The Marble Court


Aftermath:
Work by Leigh Burton and Wendy Hirschberg
July 8 - September 12, 2004

Leigh Burton
Diminutive tableaux bathed in a harsh light. Furniture carefully arranged, as if for a ritual: tea or torture? These odd groupings of anthropomorphic furniture, cowering under scrutiny, seem pinned by the light like a butterfly to a board. One wonders, will the descending chandelier crush the chairs or the divan, or embrace and envelop them? If the main presence in the paintings is not a lumbering light fixture, then it is a large blank mirror, absorptive, reflecting nothing. Burton's paintings of "ballrooms," "dressing rooms," and "hallways" are delicate, almost ladylike, redolent of her southern girlhood, yet lit with unease. Her flat sense of space and tiny settings present appealing, powdery surfaces that serve almost as a skin upon her theatrical compositions. They are evocative of Florine Stettheimer's paintings minus the celebratory tone.

Wendy Hirschberg
Hirschberg's list of materials reads like the insides of a makeshift toolbox: washers, rivets, fish line, cardboard, rubber, metal, Plexiglas rods, wood, and wire. Seemingly offhand, casual, the sculptures are consciously, painstakingly constructed. They cascade and tumble, thrust from the wall like sprung jack-in-the-boxes. More architectural than Burton's paintings, they look like maquettes for the debris of human interactions: Lilliputian meeting rooms, waiting rooms, a doctor's office, or a conference room. The furniture in Hirschberg's "sites" is small enough to fit inside a dollhouse, but these "sites" are exposed, unsafe, having only the flimsiest of partial structures or platforms on which to sit. As Hirschberg's titles for other works, called "Incidents," reveal, all is not well in the trajectory of her urban fragments.

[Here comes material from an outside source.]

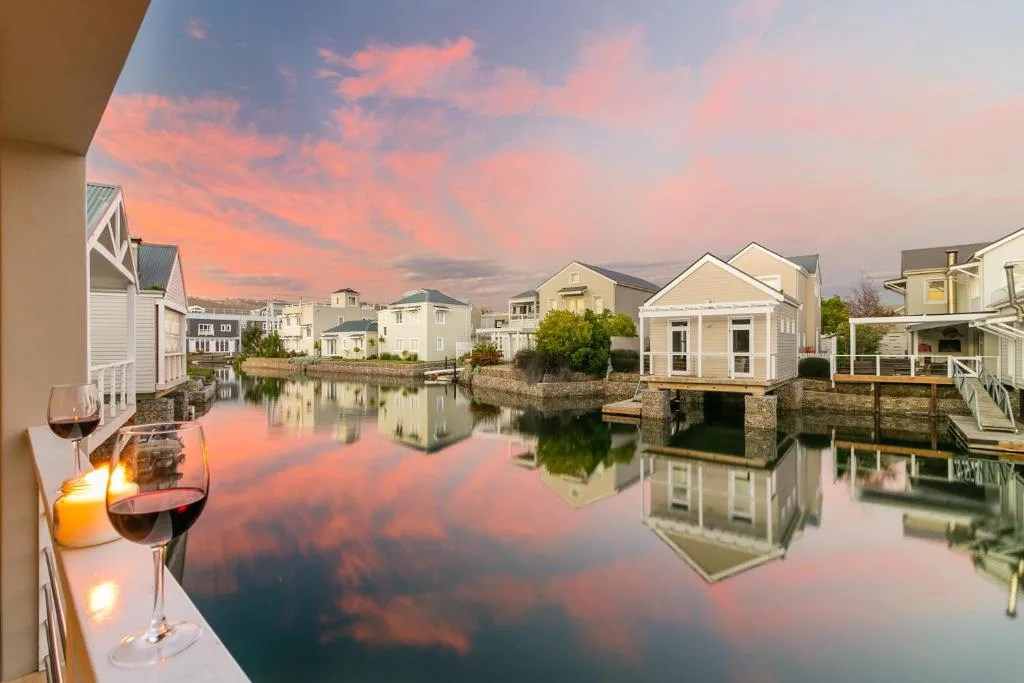 Sunset over calm lagoon with waterfront homes and wine glasses on deck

Both Burton's and Hirschberg's works are funny looking, even a bit goofy, yet rimmed with pathos. Simultaneously, they are charged with the presence of absence: abject interiors - slight and vulnerable, existing in attenuated, dreamy space. Everything they create seems as if it could fall apart or be crushed underfoot in an instant. Hirschberg and Burton both use muted color, subtle shifts; these are noiseless chambers, muffled works - empty of those who occupied the chairs, climbed the stairs, or turned on the lights. These are the remains, the aftermath.